Perhaps this forum is the Church now? Hmm...
I often get the feeling that the most extreme members of the World Wide Orthodox Web have little contact with other Orthodox people in "real time". They also seem to live in areas with little Orthodox presence. This must make it easier to set up imaginary heretics, enemies of the Church ,etc. when they exist as an abstract idea.
On the Donatist Heresy.
From "The Christian Tradition," Jaroslav Pelikan, pp. 308-09.

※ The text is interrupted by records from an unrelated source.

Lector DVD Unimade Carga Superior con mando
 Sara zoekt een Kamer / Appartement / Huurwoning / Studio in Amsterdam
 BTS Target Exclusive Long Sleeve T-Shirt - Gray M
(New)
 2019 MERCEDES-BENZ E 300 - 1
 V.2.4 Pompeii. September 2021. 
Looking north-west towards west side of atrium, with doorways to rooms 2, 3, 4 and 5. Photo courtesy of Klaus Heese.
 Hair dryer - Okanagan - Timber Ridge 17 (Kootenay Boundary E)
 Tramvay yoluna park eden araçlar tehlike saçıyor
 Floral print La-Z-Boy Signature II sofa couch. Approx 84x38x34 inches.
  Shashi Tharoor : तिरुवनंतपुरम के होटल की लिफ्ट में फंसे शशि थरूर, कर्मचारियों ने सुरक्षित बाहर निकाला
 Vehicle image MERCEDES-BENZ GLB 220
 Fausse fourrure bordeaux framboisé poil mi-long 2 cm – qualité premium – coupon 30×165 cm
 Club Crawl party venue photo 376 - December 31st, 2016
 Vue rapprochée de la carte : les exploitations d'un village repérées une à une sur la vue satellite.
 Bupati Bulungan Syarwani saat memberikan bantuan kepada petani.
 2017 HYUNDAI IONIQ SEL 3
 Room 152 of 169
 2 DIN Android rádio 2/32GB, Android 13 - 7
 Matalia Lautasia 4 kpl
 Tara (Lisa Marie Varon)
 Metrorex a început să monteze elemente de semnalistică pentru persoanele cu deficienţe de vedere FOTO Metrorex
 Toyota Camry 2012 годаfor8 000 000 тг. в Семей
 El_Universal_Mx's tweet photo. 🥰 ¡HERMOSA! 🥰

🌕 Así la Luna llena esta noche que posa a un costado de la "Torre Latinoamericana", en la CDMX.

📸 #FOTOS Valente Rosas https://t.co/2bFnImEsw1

Donatism charged that the mediation of grace through the church and the sacraments was vitiated when the administrator of the sacraments had lost his
Christian perfection through a serious fall. Augustine's case against Donatism
had been stated fully and repeatedly and had become official church teaching at
the Conference of Carthage in May 411. Beyond the many questions of church
organization, religious persecution, and even social and tribal rivalry raised by
Donatism, the central doctrinal question was: What is the causal connection
between grace and perfection, or between the unity of the church and the
holiness of the church? The Donatist answer to the question was simple and, at least
upon first examination, consistent. "By doing violence to that which is
holy," said Petilian, "you cut asunder the bond of unity." Donatism was no less
insistent than Augustine that there could be only one church. The Donatists also
laid claim to the title "catholic," which theydenied to anyone else. But they
made the unity and the catholicity of the church contingent upon its prior
holiness. Therefore they demanded that the church be purged of those among its
clergy and bishops who had been guilty of betraying the faith under
persecution. Only that church was a true church in which the "communion of saints" was a
communion of genuine, perfect saints. And the only church that met this
qualification was the Donatist community; it alone had true unity, for it alone
had true holiness. Likewise, it alone had the sacraments. "There is," said one
Donatist bishop, "one baptism, which belongs to the church; and where there is
no church, there cannot be any baptism either." The moral pollution of the
church's bishops by the mortal sin of apostasy invalidated the ordinations they
performed, canceled the efficacy of the baptism administered by their clergy,
deprived the church of its requisite holiness, and thereby brought on the fall
of the church. In the name of this demand for holiness, the Donatists felt
obliged to separate themselves from the vast body of those who called themselves
catholic Christians; for there could be no fellowship between the church of
Christ (the Donatists) and the synagogue of Satan (the Catholics).